Alongside religious rites may be provided oaths and vows, wherein violation would lead to contempt and shame, and traditionally often retribution by the community.

Beliefs and Creation 
The Khabzeist faith is monistic, with utmost prominence given to the god Tha (Тхьэ, tħa), Theshxwe, who begets the universe. First of all, Tha expresses himself generating the Word or cosmic Law (khy), the primordial pattern from which all the beings form naturally, developing by internal laws. Enlightenment for men corresponds to an understanding of Tha's Law.

Theshxwe is omnipresent in his creation (coagulation); according to Adyghe cosmological texts, "his spirit is scattered throughout space". In Adyghe hymns Tha (Thashxue) is referred to as "the One everyone asks, but who doesn't ask back", "the multiplier of the non-existent", "on whom everyone places their hope, but who doesn’t place hope on anyone", "from whom the gifts come", "His amazing work", "the One who permits heaven and earth to move".
	 
Everything is one (Псори Зыщ, Psora Zysch, or Псори Хыщ, Psora Hysch), and is one with the Tha. The material-manifested world is in perpetual change, but at the same time there is a foundation that always remains unshaken. That is the originating principle of the world and its Law. The always-changing world and its basis is compared to a rotating wheel (дунейр шэрхъщи duneyr sherhschi, мэкlэрахъуэ meklerahue): although the wheel is constantly rotating (changing), the central hub, about which it rotates, remains still. Followers of this worldview, sometimes also Islamised, are found in modern day Turkey.

Secondary Deities 
After Tha, the supreme god, there are secondary deities, such as:

 Hantseguash: The Goddess of Water and Rain
 Hedrixe: the God and Protector of the Dead
 Heneguash: The Goddess of Sea
 Hyateguash: the Goddess of Beauty and Gardens
 Kodes: The God of Mountains
 Mezguash: The Goddess of all Fauna
 Mezytha: The God of Forests, Hunt and Beasts
 Psetha: The God of Life and Souls
 Sataney: The Goddess of Femininity and Fertility, Mother of the Narts
 Schyble: The God of Lightning
 Sozresh: The God of Fertility, Family, Wellbeing and Illness
 Thageledj: The God of Flora and Crops
 Tlepsh: The God of Fire, Blacksmiths, Steel and Weapons
 Theshu: The God and Protector of Horsemen
 Theqwafeshu: The Herald of Theshxwe
 Tetertup: The God of War and Bloodshed
 Uashkhue: The God of the Skies
 Merise: The Goddess and Protectress of Bees
 The Narts, demigods mentioned in the eponymous Saga with their mother Sataney.

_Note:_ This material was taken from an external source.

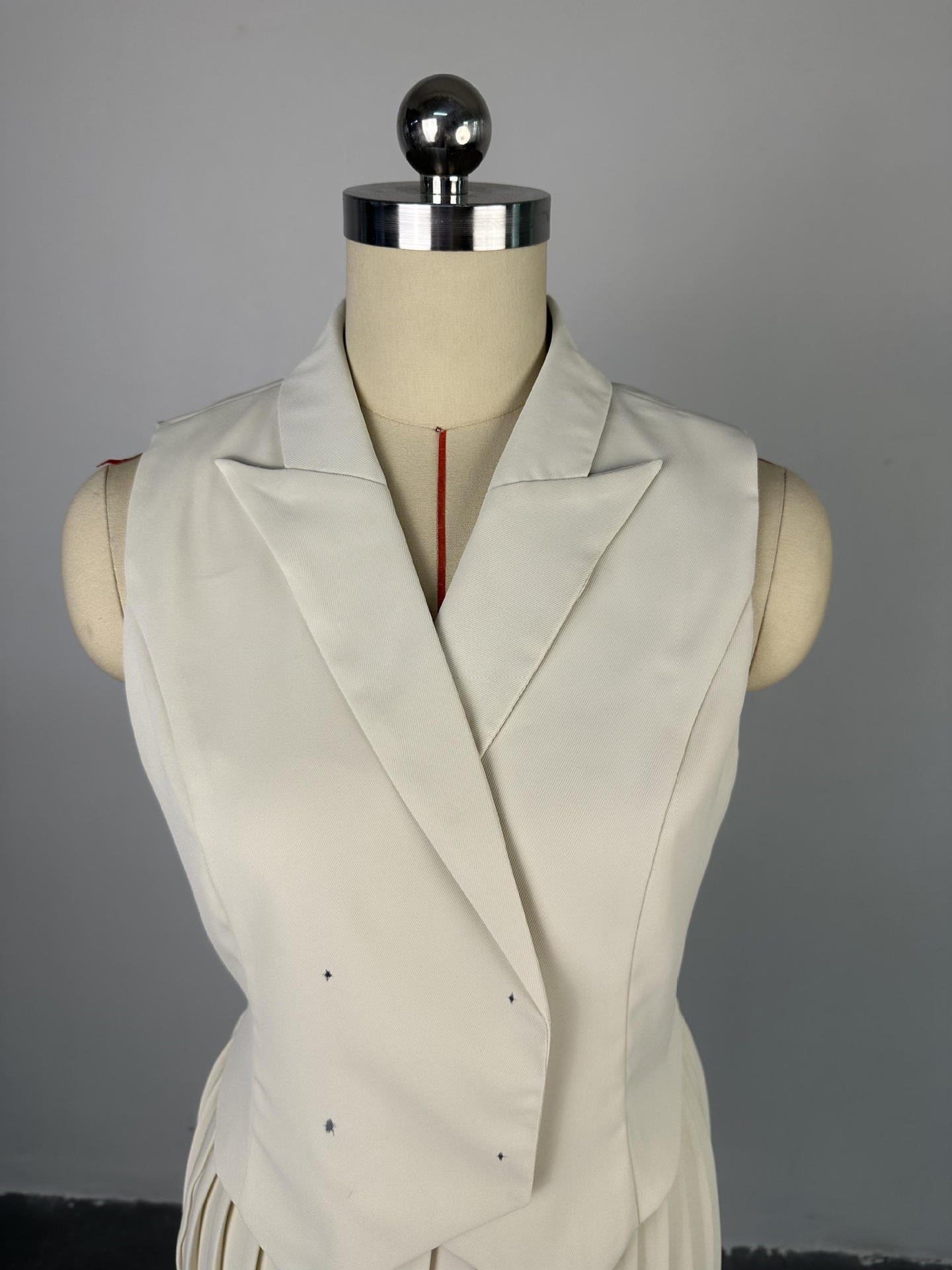 Women Summer Turndown Collar Irregular Top and Pleated Skirt Casual Two-piece Set 11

Various other deities are believed exist as well, with extensive regional and universal pantheons.

The gods and goddesses are divided into two fundamentally different groups:
 
Gods without image, cosmogonic (Thashkhue, Uashkhue, Psetha, Schyble).
Anthropomorphic (humanoid) gods (Mezytha, Tlepsh, Thagaledj, etc.).

Continuity
Circassia was one of the few places in Europe that retained its native religious traditions for the longest time, with almost a continuity between the ancient traditions and the modern religiosity and world-view (Xabze), which syncrethized and maintained many of its native elements even in Islamic times. The Xabze beliefs and Sufi-Islamic beliefs are currently seen as complementary philosophies by some Circassians.